Great Ape Trust of Iowa has signed a formal agreement with the Republic of Rwanda that gives the Gishwati Area Conservation Project the power to manage the reforestation of Gishwati Forest, home to 15 endangered chimpanzees.

Benjamin Beck, the trust’s conservation director, who leads the Gishwati project, last week signed the agreement with Stanislaus Kamanzi, a top Rwanda environmental official, at a meeting in the Rwandan capital, Kigali. Ted Townsend, founder of the ape trust and Earthpark and the co-founder of the massive effort to restore and expand Gishwati, had signed the deal earlier.

The agreement capped months of negotiations among the trust and Rwanda government officials. The trust and Rwanda President Paul Kagame have dubbed the area the Forest of Hope. Cattle grazing and clear-cutting had reduced the forest to 1 percent of its original size, but now there are plans to replant thousands of acres.

The project is seen as as an economic initiative and an attempt to save the isolated chimps, who may eventually be connected by a forest corridor with potential mates living in the Nyungwe forest to the south. The project corridor is expected to cover 31 miles.
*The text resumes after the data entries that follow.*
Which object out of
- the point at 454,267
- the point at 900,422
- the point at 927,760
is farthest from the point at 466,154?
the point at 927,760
Most Rwandans are farmers whose families consume virtually everything they grown. That includes 350,000 residents in the immediate Gishwati area. Rwanda, one-fifth the size of Iowa, has 10 million people — more than three times as many as Iowa. The Rwandan government wants to shift residents to new jobs in ecotourism, high-tech industries, craft-making and other jobs that don’t rely on an increasingly eroded landscape, known as the Land of a Thousand Hills.

“Perhaps more important than saving the heretofore doomed chimpanzees, the people living near this forest have been respected and included, and are taking ownership of their forest’s rebirth as a symbol of their children’s future,” Townsend said in a statement.

The ape trust and Earthpark agreed to raise money for the forest corridor over the next three years.